Se cancelasse o contrato com esta OS, teria que replicar a decisão em relação a todas as outras. E como a gente substituiria os profissionais no meio de uma pandemia? Com o Estado em Regime de Recuperação Fiscal, não dá para fazer concursos públicos. A solução que estava sendo gestada era substituir essas organizações pela Fundação Estadual de Saúde ou passar os hospitais para parcerias público-privadas.
O que dizer da pilha de 8 milhões de reais encontrada com o seu ex-secretário da Saúde?
Para começar, desses 8 milhões, o Edmar declara que 7 milhões eram do período em que foi diretor do Hospital Pedro Ernesto, entre 2016 e 2019, pegando só um ano do meu governo.
Mas não poderia haver nenhum centavo desviado, certo?
Não, mas esta diferença de 1 milhão perto de um orçamento de 5 bilhões de reais da Saúde é mínima. Você nunca vai conseguir efetividade máxima no combate à corrupção.
Uma delação trata de um montante de 50 milhões de reais que teriam sido sugados pela corrupção em sua gestão. E o que dizer deste dinheiro?
Até agora o Ministério Público não comprovou nada disso, nem achou um centavo na minha conta.
Foi só o senhor ser afastado para o agora governador interino Claudio Castro se aproximar dos Bolsonaro. Sentiu-se traído?
Não tenho nenhum tipo de rancor. O Claudio Castro não se enquadra na narrativa criada contra mim pela família Bolsonaro. A aproximação é uma medida de sobrevivência dele, lógico.

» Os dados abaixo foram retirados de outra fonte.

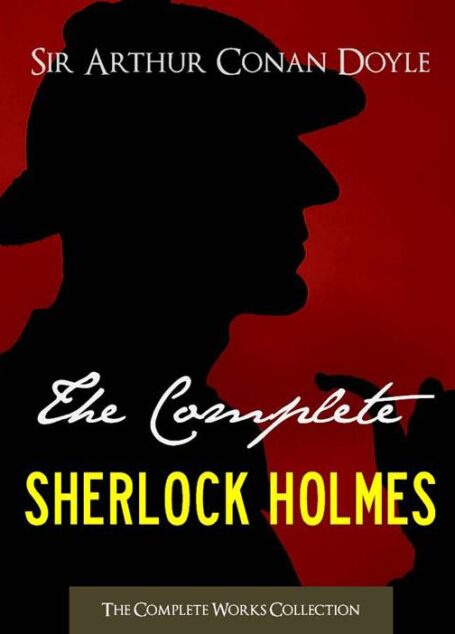 THEPLETE SHERLOCK HOLMES and THEPLETE TALES OF TERROR AND MYSTERY (All Sherlock Holmes Stories and All 12 Tales of Mystery in a Single Volume!) … Conan Doyle | Theplete Works Collection)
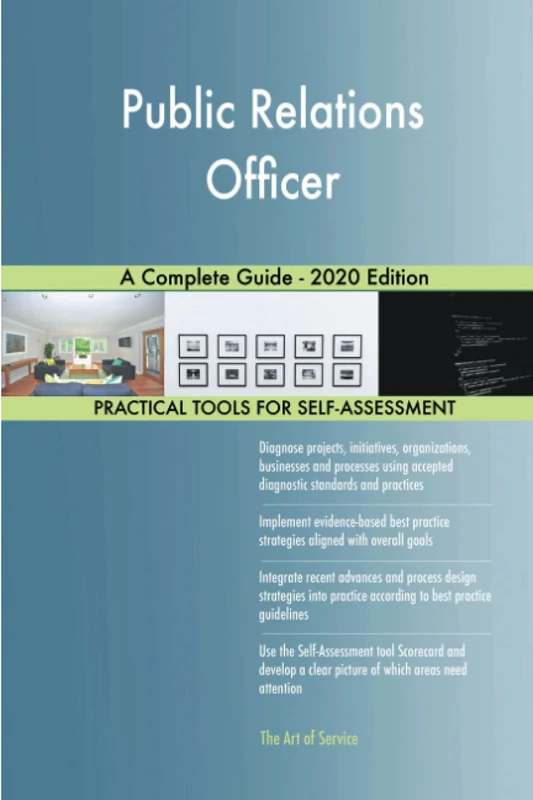 Public Relations Officer A Complete Guide - 2020 Edition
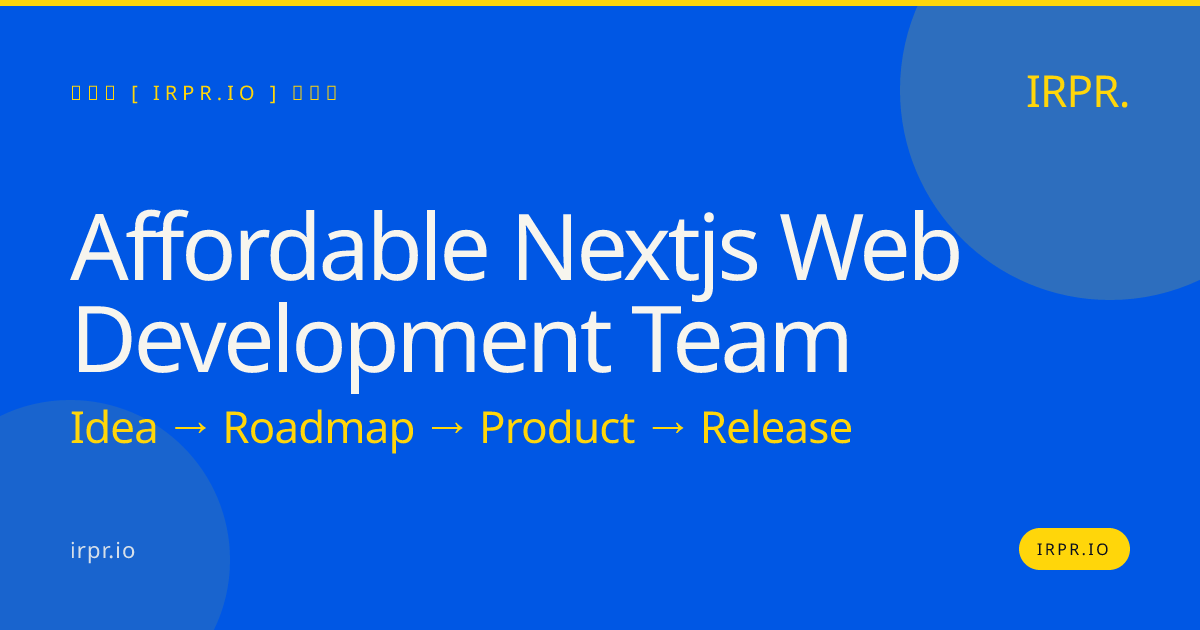 Affordable Next.js Web Development Team | IRPR.io — IRPR.io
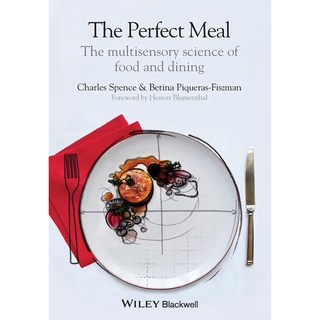 The Perfect Meal : The Multisensory Science of Food and Dining หนังสือภาษาอังกฤษพร้อมส่ง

O senhor diz que voltará ao governo. Baseia-se em quê?
Fui vítima de uma farsa que será desconstruída juridicamente. O tribunal misto tem que julgar de acordo com as provas dos autos do processo, de forma técnica. Se não o fizer, o julgamento pode, inclusive, ser anulado.
Os contratos do escritório de advocacia da primeira-dama Helena Witzel são citados nas investigações. Por aí, o senhor pode ter problema?
O escritório só ganha relevância nesta história porque, supostamente, as empresas (clientes de Helena) são ligadas ao Mário Peixoto (preso por suspeitas de desvios na Saúde). Mas a Operação Favorito ainda não conseguiu provar que ele era o administrador de fato dessas empresas que contrataram minha mulher.
E a interceptação telefônica em que um operador de Peixoto menciona seu nome?
É a única coisa que me coloca nesse enrosco todo. Não dá para chegar a conclusão nenhuma a partir daí.
Faz jus a comparação entre Helena e a ex-primeira-dama Adriana Ancelmo, também advogada?
É esdrúxula. A Adriana Ancelmo tinha contrato com a Oi, com a Cedae. Só um contrato dela era de 11 milhões de reais. Da Helena, por mês, não chegava a 50 000 reais. E as empresas que a contrataram, garanto, não têm relação com o governo do Estado.
E o trabalho de Helena com o PSC, seu partido, não é uma mistura de interesses?
Não, e a ideia era deixá-lo à medida que o escritório fosse expandindo.
O senhor tem medo de ser preso?
Não há elementos para decretar minha prisão.
Ainda planeja ser presidente da República?
Minha missão na política está apenas começando. Tenho ainda o sentimento patriótico de ser presidente.
E se acabar sendo afastado definitivamente, o que vai fazer?
Se perceber que há perseguição política e cooptação das instituições contra mim e a minha família, pretendo pedir asilo político no Canadá. Consigo emprego em qualquer lugar do mundo.